The Red and Blue will look to get off to a better start this time around, as they surrendered an early touchdown in the first meeting and didn’t get on the board until late in the fourth quarter. Sophomore quarterback Eddie Jenkins believes that the Quakers can get into the flow of the game more quickly, as the offense has taken tremendous strides since that matchup.

“We’ve become more confident as an offense,” Jenkins said. “We’ve played a lot better and have gone through several changes since [the first Army game].”

The defense, for its part, has improved its communication and knowledge of assignments.

“We’ve played enough games to where we’ve gotten our linebacker and defensive back coverage system down,” said freshman linebacker Matt Gorman, the team’s leading tackler with 60 on the year. “If we can stop the passes over the middle, [Army] won’t be capable of driving on us.”

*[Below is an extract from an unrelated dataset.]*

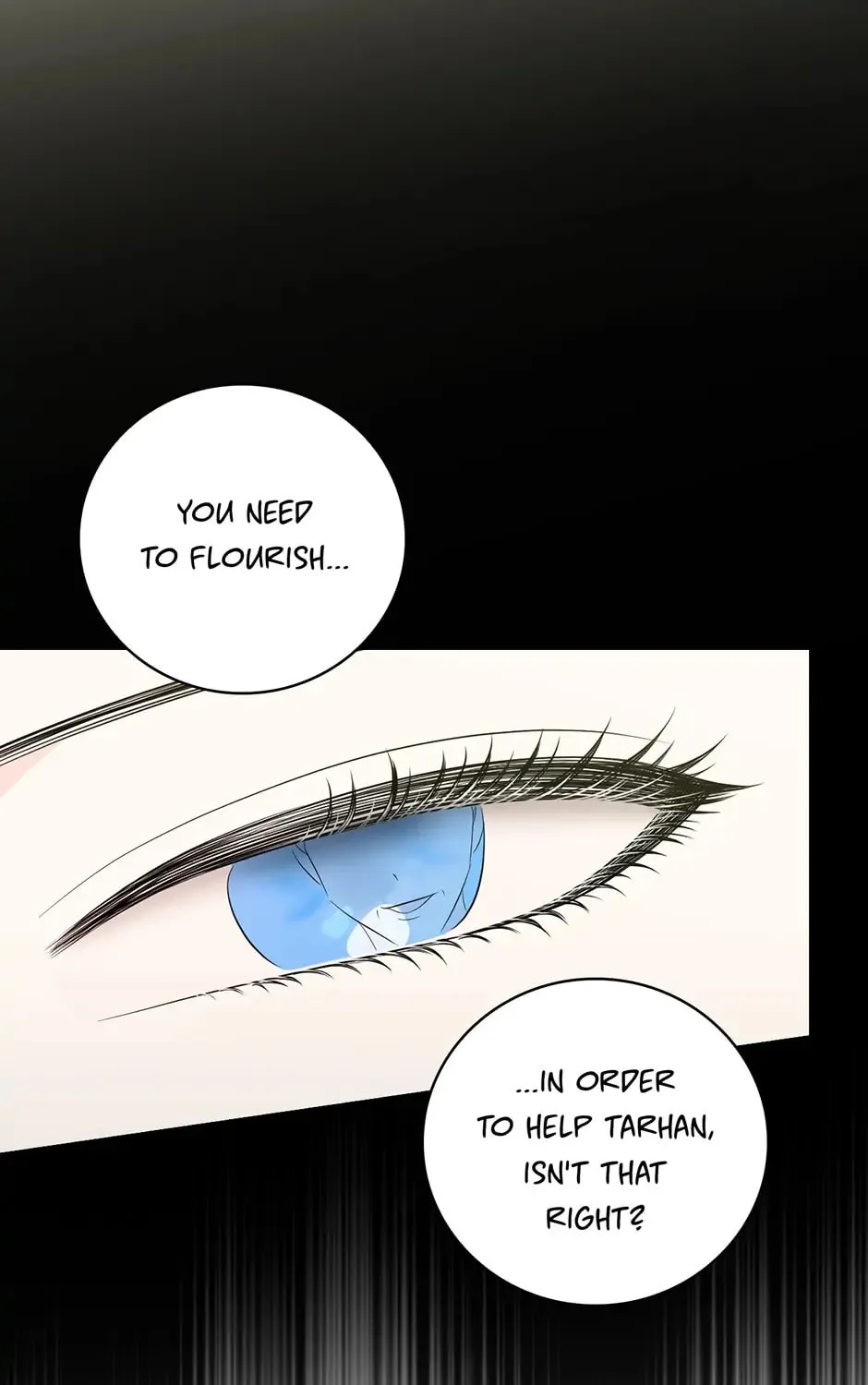 Duchess in the Glass House Chapter 97 page 45 -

This confidence on the defensive side of the ball is partly why the Quakers have given up just 13.4 points per game this season, a total that ranks second in the league behind (you guessed it) Army, who has allowed a mere 6.6 points per game.

Adding to the challenge for Penn is the fact that the showdown will take place at Army, a change of scenery from the matchup at Franklin Field earlier this year.

If there’s anybody that can knock off the Black Knights, though, it’s the Quakers.

Penn is no stranger to taking on West Point and coming out with a win. Last year’s team did so when it beat Army in a 14-9 slugfest early in the season, and coach Bill Wagner thinks his team has what it takes to do it again.

“Mentally, our team is prepared to go up [to West Point] and take on [Army],” said Wagner of his team that is made up of twelve freshmen. “The experience that we gained from that first game through the rest of the season has been valuable.” 

Another significant element in this one will be the weather, as the low temperatures for the night are expected to hover at around 20 degrees, with wind also playing a factor.

Penn will seek to remain focused on the task at hand despite the inclement road conditions.

Gorman, even as a freshman, knows the importance of players staying within themselves and not trying to do too much.

“We have to stay calm and remember what we’re capable of,” Gorman said. “We’ll be amped up and ready, but we have to remind ourselves that the only way we lose this game is if we beat ourselves.”

Penn will enter Friday night with this mindset, as its quest for back-to-back CSFL titles will be complete with just one more win.

Jenkins, for one, can’t wait to get started.

“We’re excited to hit the road, face this challenge, and hopefully win a championship in [Army’s] building,” the quarterback said.

In the end, all of the heartbreak, all of the disappointment, all of the frustration that resulted from the Quakers’ first loss against Army is now irrelevant — because this is the one that counts.